Re: struct ipc_perm and size of seq member
- To: Franz dot Sirl-kernel at lauterbach dot com
- Subject: Re: struct ipc_perm and size of seq member
- From: Geoff Keating <geoffk at cygnus dot com>
- Date: Fri, 22 Sep 2000 10:18:08 -0700
- CC: libc-alpha at sources dot redhat dot com
- References: <5.0.0.19.2.20000922140442.01f72eb0@mail.lauterbach.com>
> Date: Fri, 22 Sep 2000 14:18:37 +0200
> From: Franz Sirl <Franz.Sirl-kernel@lauterbach.com>
>
> Hi,
>
> I'm finally able to run 2.4.0-t8 on my B&W G3 and can now track down the
> remaining problems with glibc-2.1.9x. With 2.4 I still have an IPC problem,
> that maybe related to different notion of the size of seq. 2.4 on PPC
> defines it as 'unsigned long', but glibc-2.1.94 uses it as 'unsigned
> short'. Besides the missing padding in powerpc/bits/ipc.h, why does glibc
> use a 16bit type here, while the kernel uses 32bit?
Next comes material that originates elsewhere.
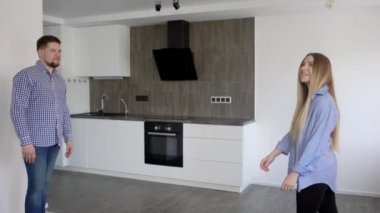 genç adam ve kadın yeni evlerinin, gülümseyerek ve birbirlerine mutfakta kucaklayan tadını çıkarıyor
Is this required for
> userspace compatibility?
This structure used to be
struct ipc_perm
{
__kernel_key_t key;
__kernel_uid_t uid;
__kernel_gid_t gid;
__kernel_uid_t cuid;
__kernel_gid_t cgid;
__kernel_mode_t mode;
unsigned short seq;
};
so the kernel change breaks backward compatibility, and the glibc
problem you're seeing is just one aspect of this.
Note that this structure has padding _after_ 'seq', not before.
'mode' is 4-byte aligned, being an int.